The 810 features front-wheel drive, a 125 bhp Lycoming V-8 engine with roller cams, electro-vacuum pre-selector gearshift, step-down floor, no running boards, and retractable headlights. The top disappears under a metal cover, and high gear is an indirect overdrive. The 810 wowed the 1935 New York Auto Show, but E.L. Cord’s automotive empire was foundering. Only 1,174 810s and 1,146 812s were built. The 195 two-seater “Sportsman” cabriolets are the rarest, and most sought-after, of all the Cord production models.
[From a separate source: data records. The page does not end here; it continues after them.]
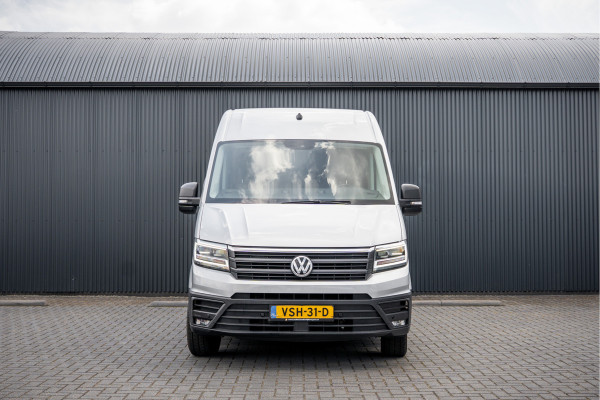 Volkswagen Crafter 2.0 TDI XL L5H3 | 177 PK | Rijplaten | Automaat | LED | Camera | Carplay | Schuifdeur L+R | PDC | Trekhaak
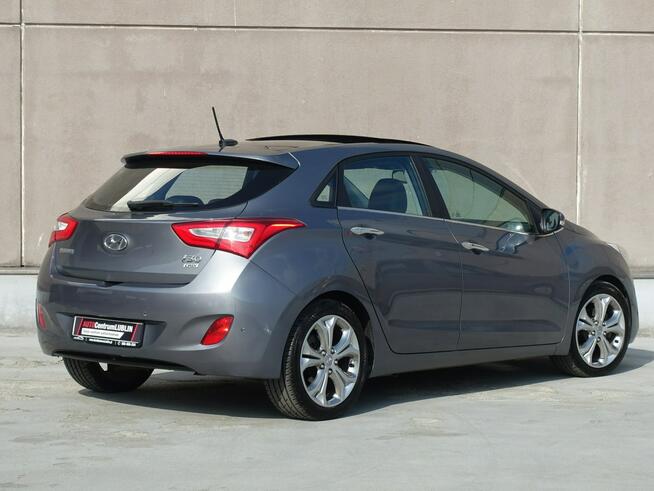 Hyundai i30 1.6 CRDI 128KM/Panorama Dach/Nawi/Kamera/Alu 17 Lublin - zdjęcie 11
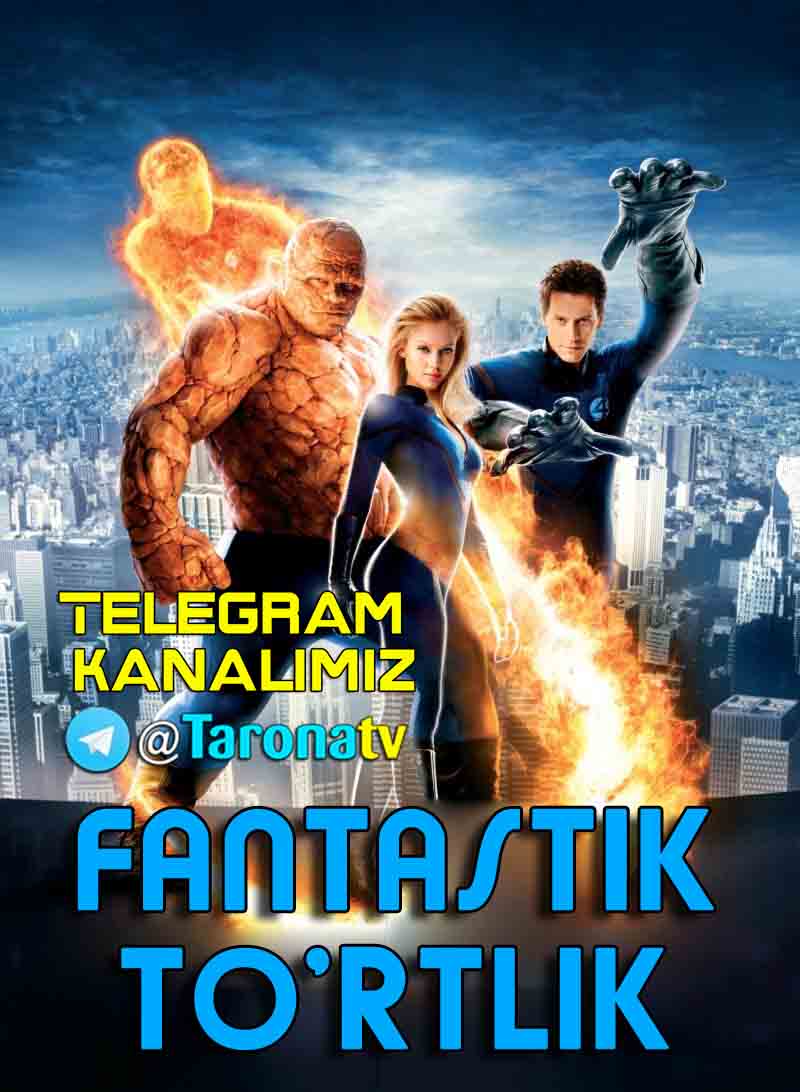 Fantastik to'rtlik (Uzbek tilida) HD 2005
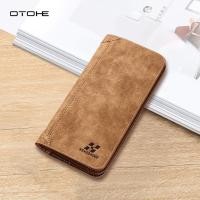 ราคา OTOHE กระเป๋าสตางค์ผู้ชายแบบยาวกระเป๋ากระเป๋าสตางค์ยาว PU อเนกประสงค์กระเป๋าเงินจุของได้มากกระเป๋าใส่บัตรได้หลายใบ ID เครดิตผู้ที่ใส่บัตร Pouch Koin เหรียญหนัง PU กระเป๋าสตางค์ธุรกิจ (24727462918)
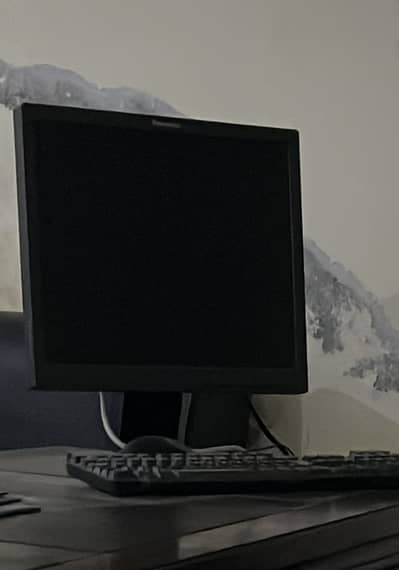 System pc 4th generation 4gb ram 160 hard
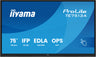 iiyama ProLite TE7513A-B1AG 75" 4K Ultra HD Google EDLA Certified Interactive Display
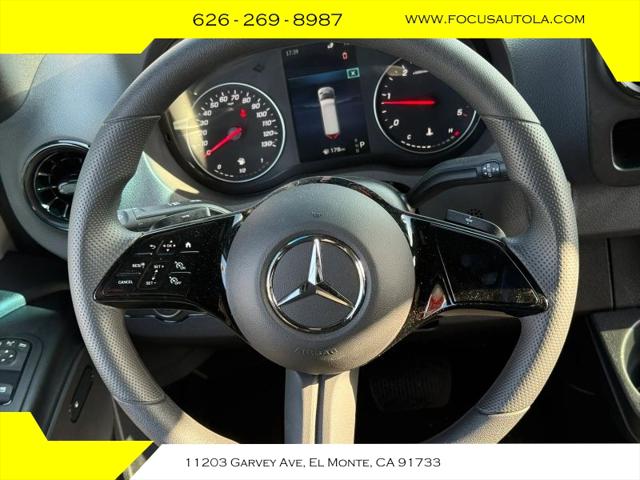 2026 Mercedes-Benz Sprinter 2500 High Roof 4-Cyl Diesel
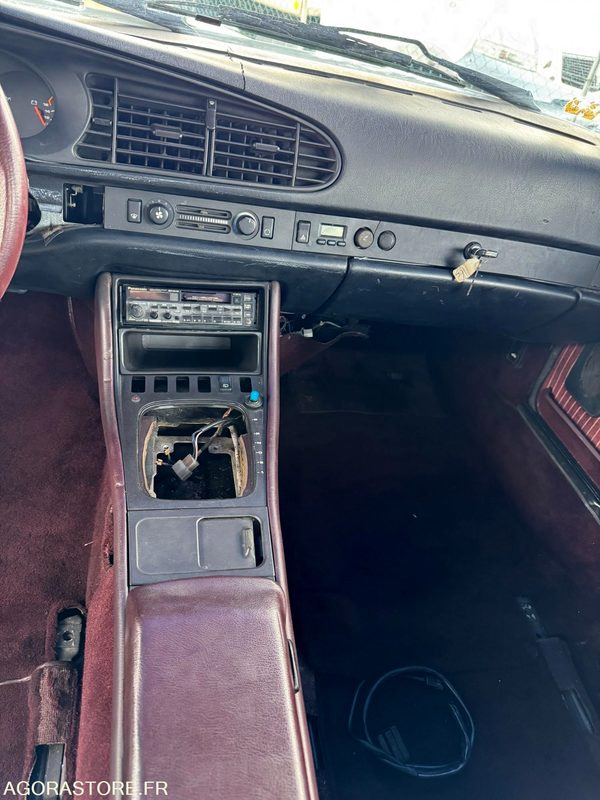 Osobní auto PORSCHE 944 2.5 163CH - TARGA - 1988 - 136000KMS: obrázek 8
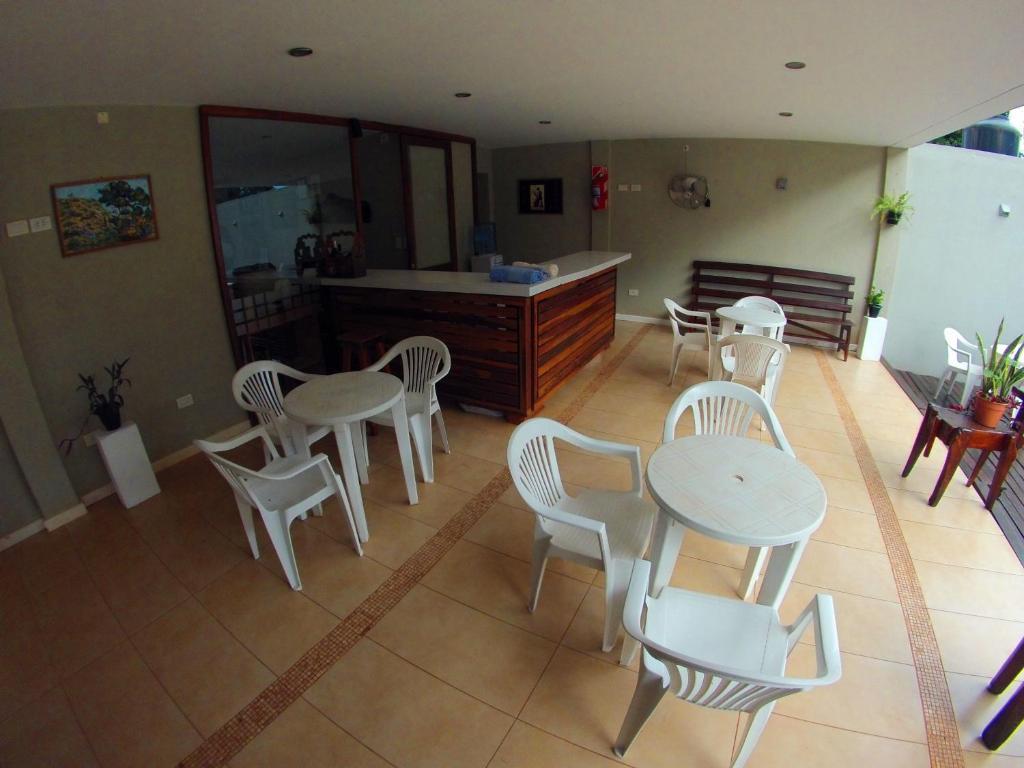 Yreta Apart Hotel Porto Iguaçu Quarto foto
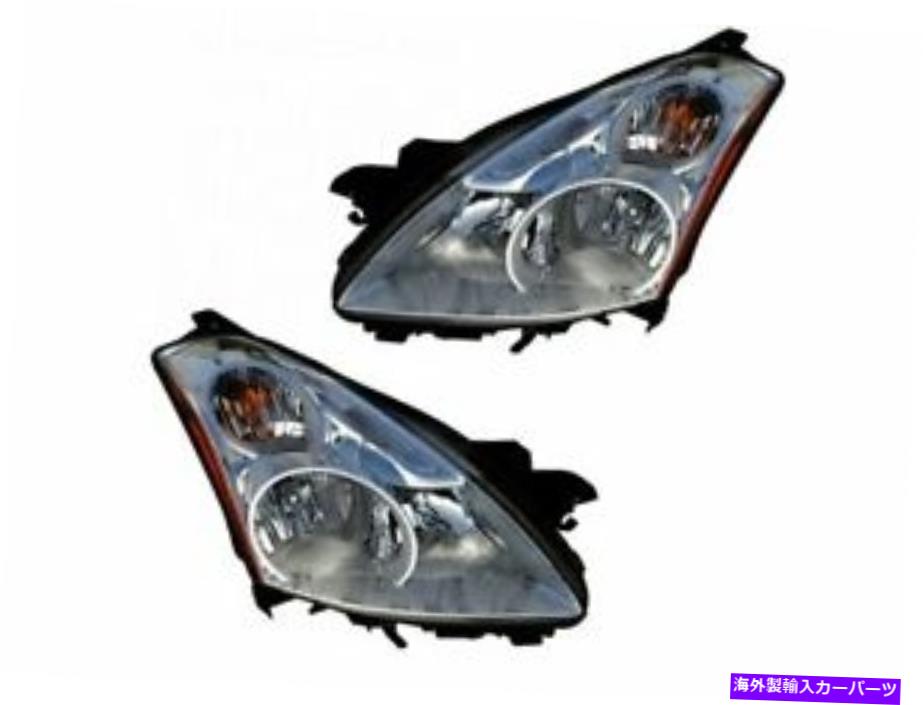 USヘッドライト 10-12日産Altima Sedan ZF87M4セダンのヘッドライトアセンブリ Headlight Assembly Set For 10-12 Nissan Altima Sedan ZF87M4 Sedan【並行輸入品】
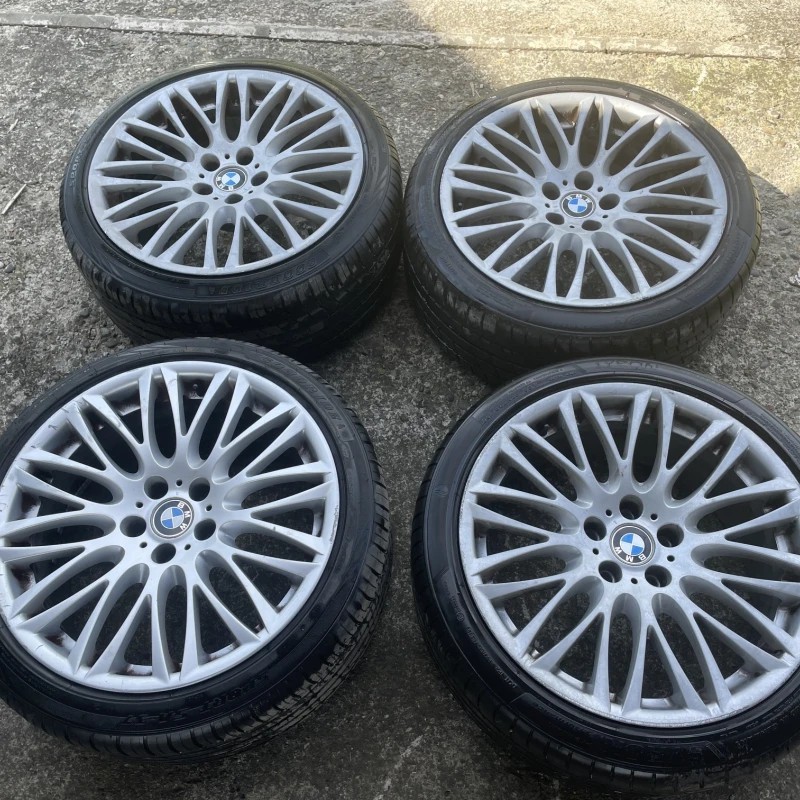 Jante aliaj / BMW Seria 7 E65 2008 / Jante si roti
This cabriolet is well known in West Coast ACD circles, having enjoyed 44 years in the custody of its prior owner. In 1971, it was discovered behind a gas station in Oregon and restored by marque legend Wayne Weihermiller, famed for his skill with the often-challenging gearbox. Finished in Cigarette Cream over black leather, this cabriolet continues to present well and features the accepted Toronado driveshaft conversion, with which LeeRoy Richardson cured a notorious design fault.
Though the original engine, no. 1742, was replaced years ago by no. 1879, the tag with the original number remains on the car. This cabriolet’s authenticity is confirmed in respected Cord expert Josh B. Malks publications, and its exceptional elegance is an enduring testament to Gordon Buehrig’s design genius.